Évidemment! C’est un cancer particulier qui touche directement à la féminité. Nous, les femmes, avons une double assignation symbolique dans la vie: la maternité et la sexualité. Le sein les réunit. Cette maladie peut causer des changements plus ou moins légers, mais aussi des amputations. Il y a une reconquête de la dignité autour de ces questions à faire.
Il y a aussi la perte des cheveux, pour celles qui doivent passer par une chimiothérapie…
Oui… Celles qui ont l’infortune de devoir passer par là sont aussi directement touchées dans leur féminité, les cheveux étant un symbole — là encore — de sexualité et sensualité. J’ai eu la chance de ne pas le vivre.
Au début, vous aviez imaginé aller en chimiothérapie et perdre vos cheveux?
Oui! J'ai vu cette hypothèse comme une catastrophe. C'était très bizarre comme sensation. J'avais l'impression d'aller bien et que c'étaient les traitements qui allaient me faire du mal. Cependant, très vite, l'envie de vivre a été plus forte que tout le reste. J'ai mentalement accepté de faire tout ce qui serait nécessaire.
Dans un monde idéal, comment devrait-on voir ces épreuves qui marquent à jamais la chair?
Comme l’occasion de magnifier tous les corps. Ces épreuves nous grandissent. Paradoxalement, ces cicatrices, elles renforcent. Avoir une trajectoire aussi favorable que la mienne ne doit pas faire oublier qu’il y a des beaucoup plus compliquées. Avec des femmes qui souffrent, encore et encore, et d’autres, même, qui décèdent. Chaque corps est différent, chaque histoire est différente.
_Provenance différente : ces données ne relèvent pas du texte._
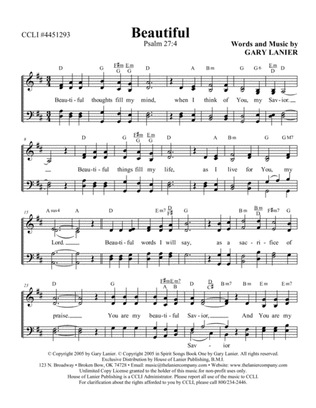BEAUTIFUL, Worship Hymn Sheet (Includes Melody, Lyrics, 4 Part Harmony & Chords)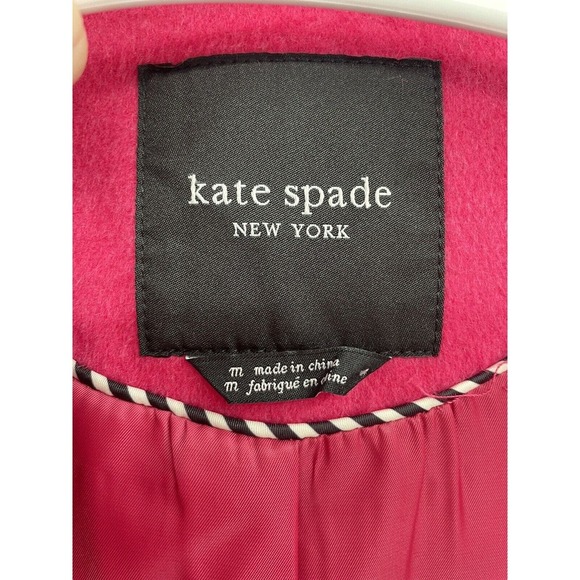 KATE SPADE Wool Blend Jacket M Stand Collar Changeable Buttons Coat Pink $348 - Picture 11 of 15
Mais si j’en parle aujourd’hui, c’est aussi pour dire que mon cas a été découvert à un stade très précoce. Alors qu’octobre rose va débuter, il faut répéter et encore répéter que le dépistage sauve des vies.
Que voulez-vous dire à vos camarades d’infortune, les environs 6000 femmes à qui l’on diagnostique chaque année un cancer du sein en Suisse?
Que je suis une parmi elles, pas autre chose. Et qu’il est important que nous prenions soin l’une de l’autre.
En parlant de prendre soin de vous, cette législature sera votre dernière?
Les statuts de mon parti sont clairs (ndlr: Nuria Gorrite devrait demander une dérogation dans le cas où elle voudrait partir pour une quatrième législature). Toutefois, à trois ans des élections cantonales, il est beaucoup trop tôt pour me déterminer. Je me concentre sur le présent. J’ai encore beaucoup d’énergie et de dossiers captivants à mener. Le moment venu, j’aurai une belle discussion avec mon parti. Nous inclurons dans l’équation les intérêts de la population, les siens et les miens. Et ça, c’est nouveau pour moi.